Vincent Bevins é colaborador do jornal britânico 'Financial Times' e correspondente no Brasil do 'Los Angeles Times'. Escrito em inglês, blog aborda principais acontecimentos do Brasil sob o olhar de um estrangeiro.



Brazil’s economy and election, summarized quickly

Por Vincent Bevins


I’ve left the bitterness of São Paulo on a brief vacation outside of Brazil, but I wanted to share insights into the country’s current situation from two excellent commentators that generally hold the “pro-market” viewpoint.

The first is from Tony Volpon of Nomura Securities:

Structurally, the end of the commodity boom can now be dated to 2011, one year into [Dilma’s] first term, as Brazil’s terms of trade began to deteriorate and the country began to see a marked economic deterioration.

Though the opposition, often with reason, blames Rousseff’s policies for economic underperformance, these policies were, however inadequate, genuine attempts to respond to a much less supportive external environment.

Unfortunately, it is unlikely that the external factors are going to be better over the next four years; it seems that the years in which all Brazilians could improve their lot in life are over, for now. Choices will have to be made and priorities will have to be set.

President Rousseff will now have to look beyond the class struggle rhetoric of her campaign and show whether she can regain the trust of the south and southeast of the country that voted for the opposition by a 2:1 margin, and is responsible for around 70% or more of the country’s GDP. Without their support there is little chance that Brazil will see investment rates – which at a paltry 17% of GDP are the lowest of any of the major emerging market economies – rise.

For me, three eminently reasonable things stand out here that are intentionally excluded from the hyperbolic partisan rhetoric dominating the country on both sides right now. First, just as the economy under Lula was boosted hugely by the Chinese-led commodities boom, the end of the boom explains most of the economic problems since 2011. Dilma’s very real “interventionist” errors are only one part of this.

Secondly, Dilma wanted and wants conventional economic success.
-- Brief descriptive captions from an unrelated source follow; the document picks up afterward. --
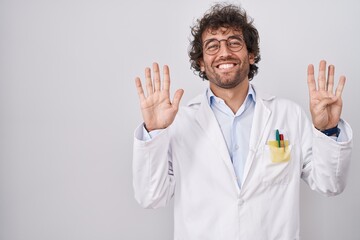 Canvas Print - Hispanic young man wearing doctor uniform showing and pointing up with fingers number nine while smiling confident and happy.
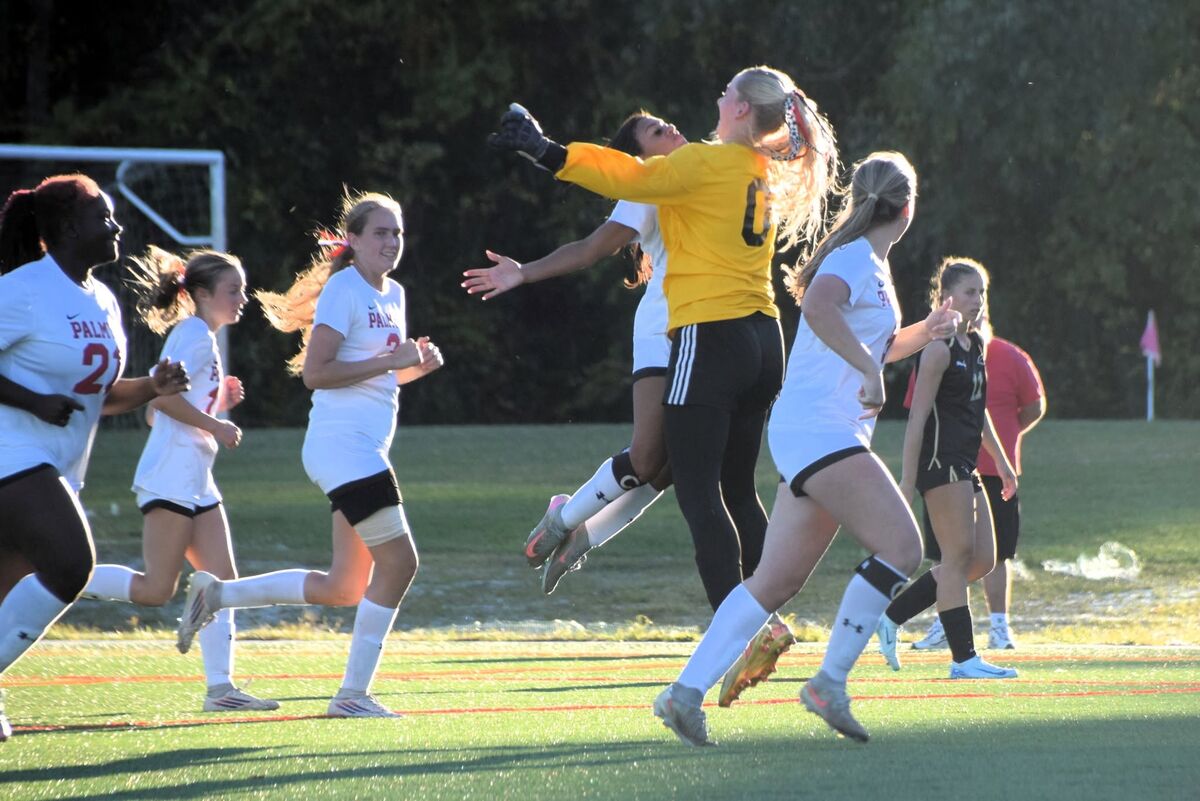 A goalkeeper in a yellow jersey jumps to make a save during an outdoor soccer game.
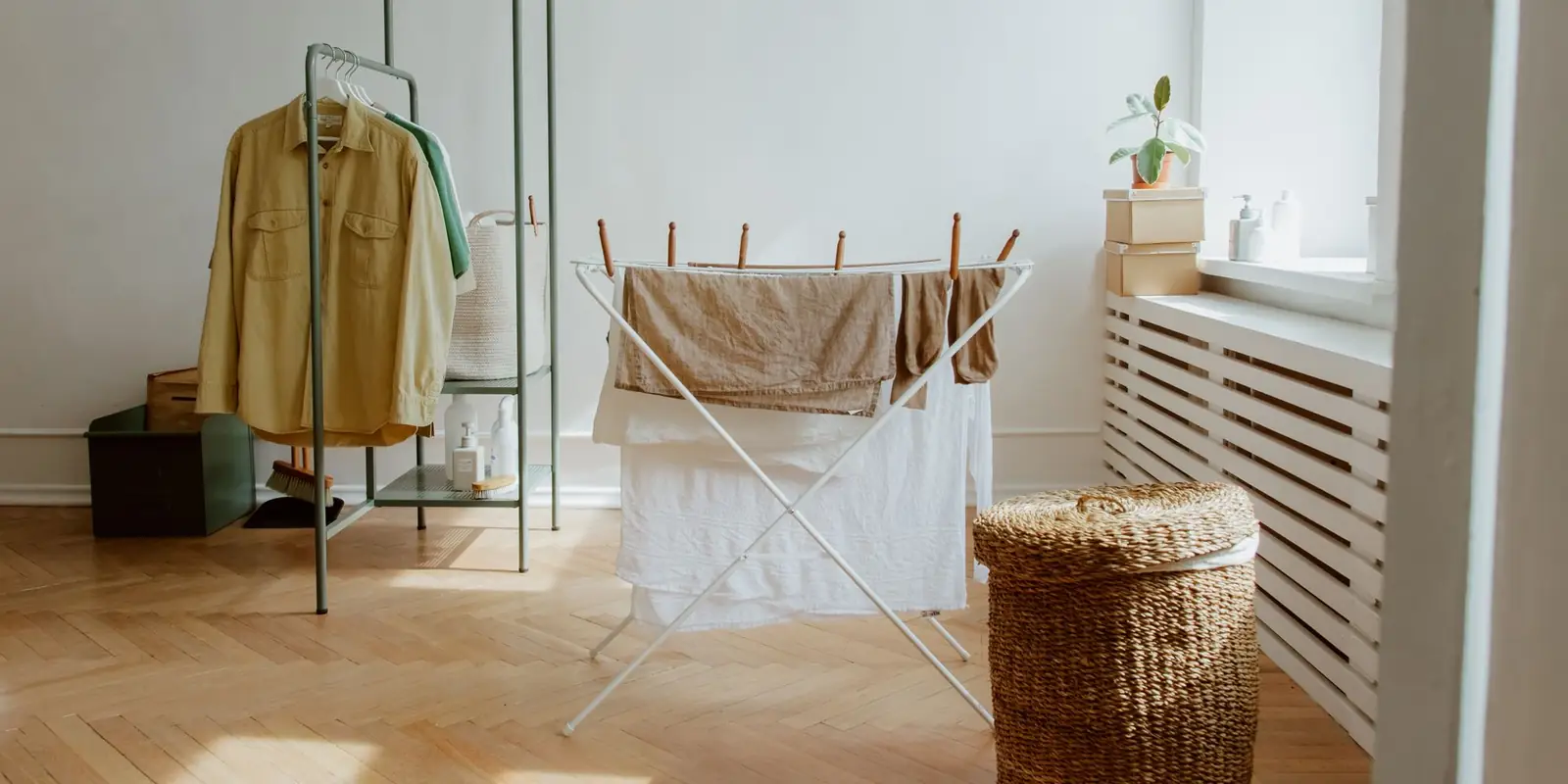 Washing drying on a folding airer next to a clothes rail in a bright room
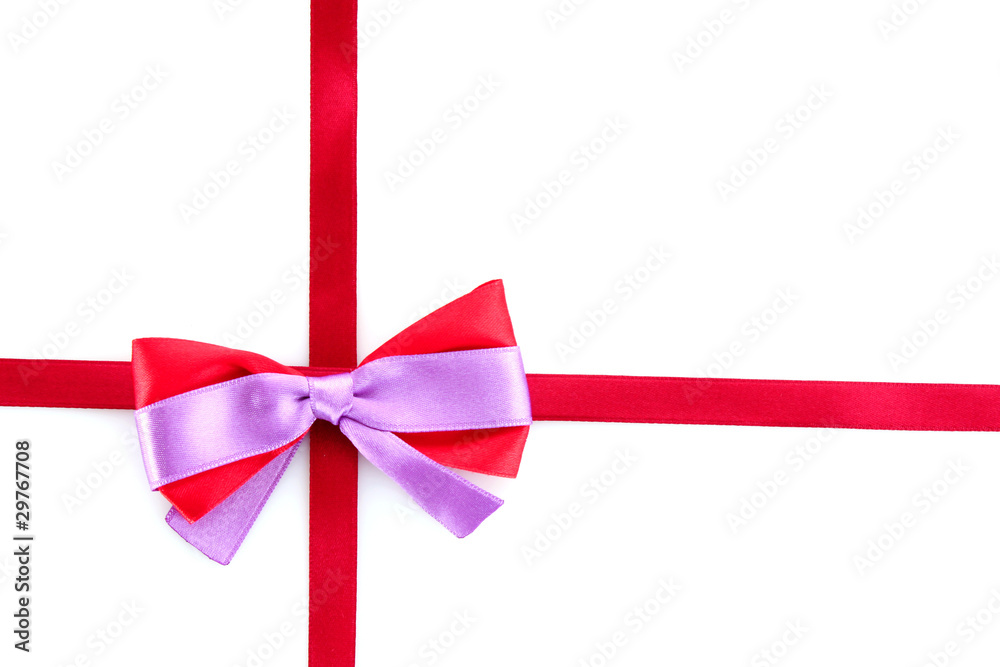 Gift red ribbon and bow isolated on white background Gift red ribbon and bow isolated on white background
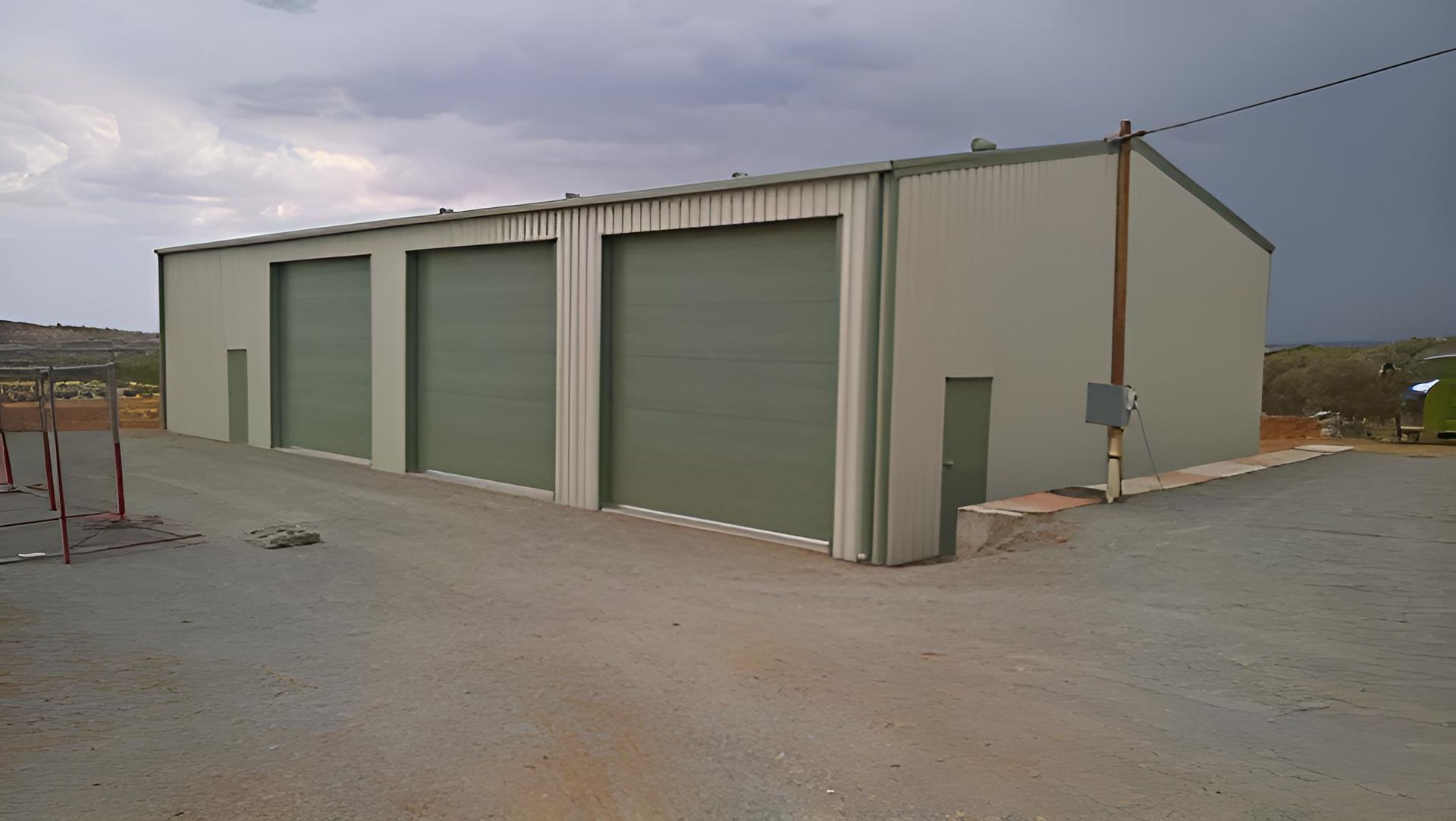 A Large Building With Green Doors Is Sitting On The Side Of A Dirt Road — Alice Sheds & Structures In Ciccone, NT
Measures taken since 2011 very often misfired, but to paint her administration as dangerously radical or anti-growth is just campaign rhetoric or noise from the radical fringe.

Third, whether Dilma voters like it or not, we need the confidence and participation of international capital as well as local investors to make this economy grow again. If the PT actually had some kind of a plan to fully nationalize Petrobras, create socialist firms, or massively expand public investment, we might take that plan seriously. They most certainly do not. So despite the excitement on the left at Dilma’s guerrilla campaign themes, the short-term hard truth is that investors must be placated, and soon.

The second comment comes from Helen Joyce, International Editor at The Economist, who served as Brazil Correspondent until the end of 2013.

I am absolutely sure Aecio’s economic platform was better – for all Brazilians. But when I see the prejudiced comments about stupid or lazy nordestinos sucking the state dry, I understand why so many didn’t turn to him.

Do these people have no idea that (a) a democratic government must seek to govern for all, and (b) that it’s corporate welfare and the vast privileges of Brazil’s elite that are sucking the country dry, not the very modest handouts for the poor??”

The Bolsa Familia program is only 0.5% of Brazil’s GDP. And the election was not only about policy, but ended up being about cultural, class and regional battles.

So, in the short term, our pressing problem is economic. But the long-term problem is much bigger, and it is social.

Photo above is of street vendors outside a new mall in Minas Gerais. All links inserted by me.